If you have $5,000 you can afford to invest, now may be an ideal time to do so. Many top growth stocks have been falling, and there are many great options out there. With an investment of $5,000, you could find yourself with a nice return after buying and holding stocks for at least three to five years.
A couple of the better deals out there right now include Ayr Wellness (AYRW.F 2.12%) and Walt Disney (DIS 0.17%). Both stocks have been struggling of late, but their futures looks solid. I expect their share prices to recover as early as next year.
1. Ayr Wellness
Cannabis producer Ayr Wellness is a promising growth stock to own. It has big plans for expansion over the next few years, eyeing some of the top marijuana markets in the country.
In its most recent quarter for the period ending Sept. 30, Ayr Wellness reported sales of $96.2 million, which was more than double last year's tally of $45.5 million. Heading into 2022, the company has high hopes that it can continue building on that growth as it has multiple acquisitions that it expects will close in the first half of next year.
It's also adding to its capacity in multiple states, including Florida and Arizona, and is banking on growth in New Jersey -- one of the nation's newest recreational pot markets (in which sales will commence next year). All of this has Ayr Wellness expecting its revenue next year to rise to $800 million, making it among the top multi-state operators (MSOs) out there.

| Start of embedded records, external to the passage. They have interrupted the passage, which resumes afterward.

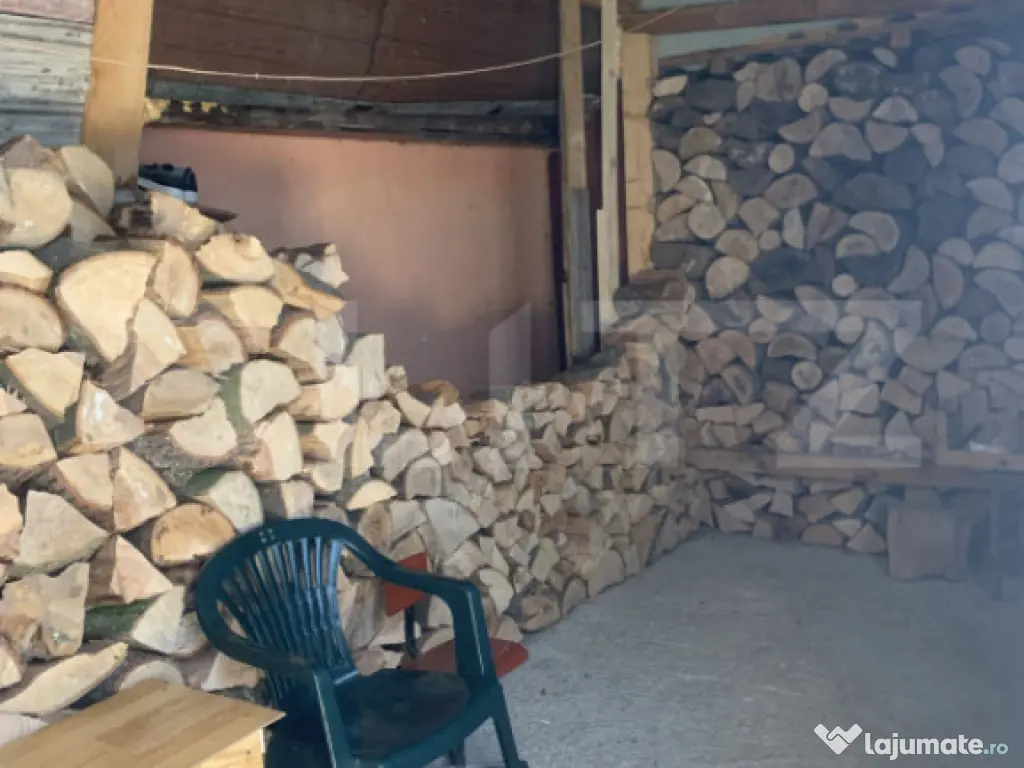 Casă de vânzare în Zărnești – zonă retrasă, lângă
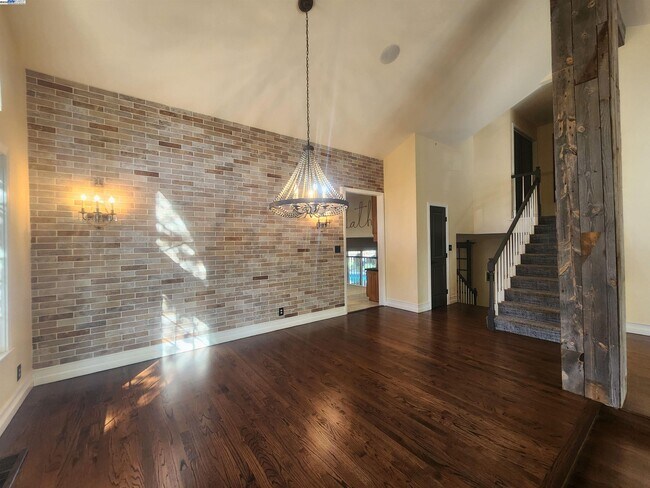 Building Photo - 1127 Mataro Ct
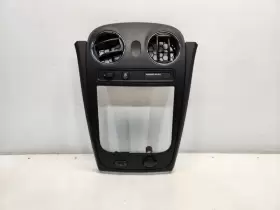 131.GM1411 CHEVROLET Hhr Radio Surround #2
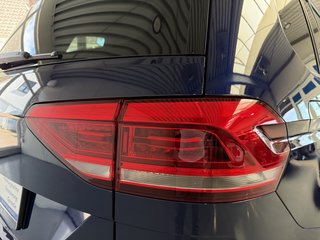 Volkswagen Touran Autom. TDI LED 7-Sitzer AHK Navi - photo 8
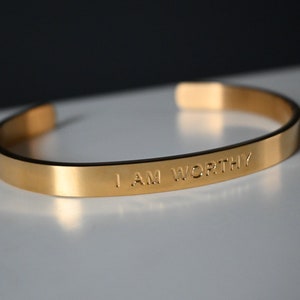 DIGNO | Resistente a manchas | Pulseira com punho dourado | Afirmação | Joias com mantra positivo | Ajustável | À prova d'água | Presentes pessoais para ela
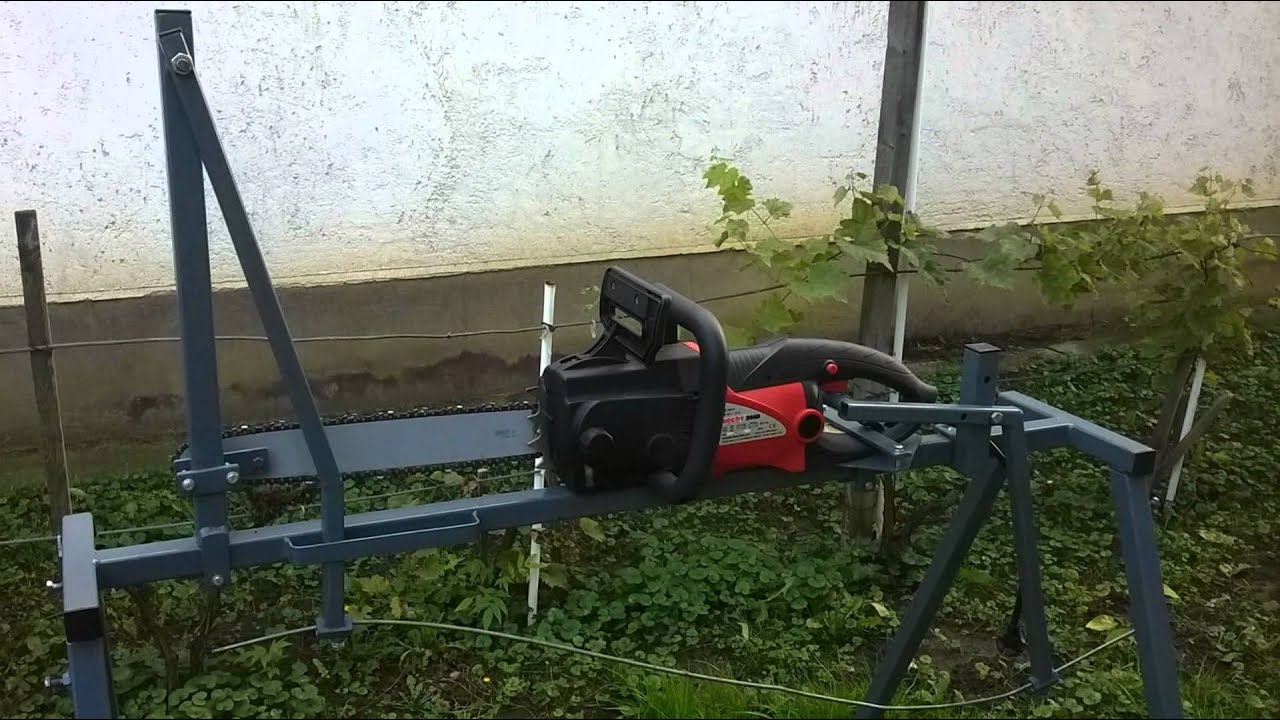 Tűzifa darabol&oacute; fűr&eacute;sz &aacute;llv&aacute;ny
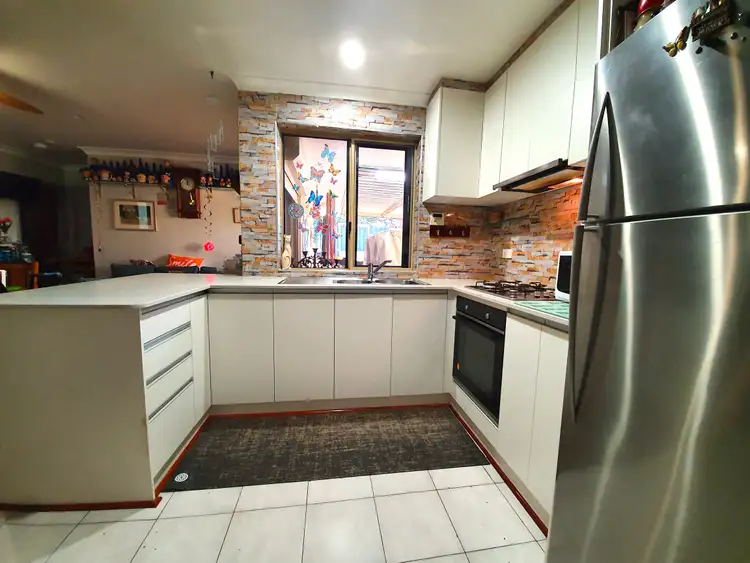 Sixth view of Homely house listing, 33 Ada Court, Hamilton Hill WA 6163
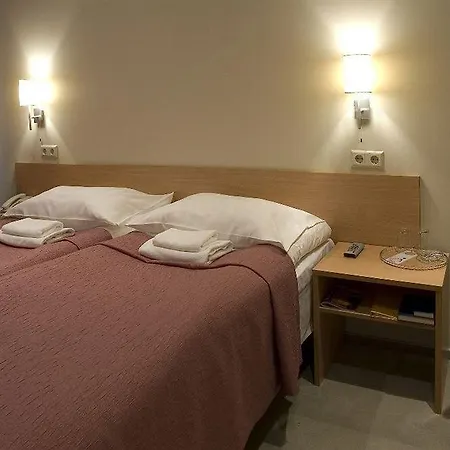 Hotel Toss 3*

Today, however, the stock is struggling and is down more than 44% year to date, while the Horizons Marijuana Life Sciences ETF has declined by 19%. There isn't an overwhelming reason to be bearish on the stock. The recent decline appears to be in line with general softness in the cannabis market due to a lack of progress on the legalization of marijuana at the federal level, which still looks like it could be years away. And because Ayr is still one of the smaller players in the industry, investors may see it as a bit of a riskier buy than other pot stocks.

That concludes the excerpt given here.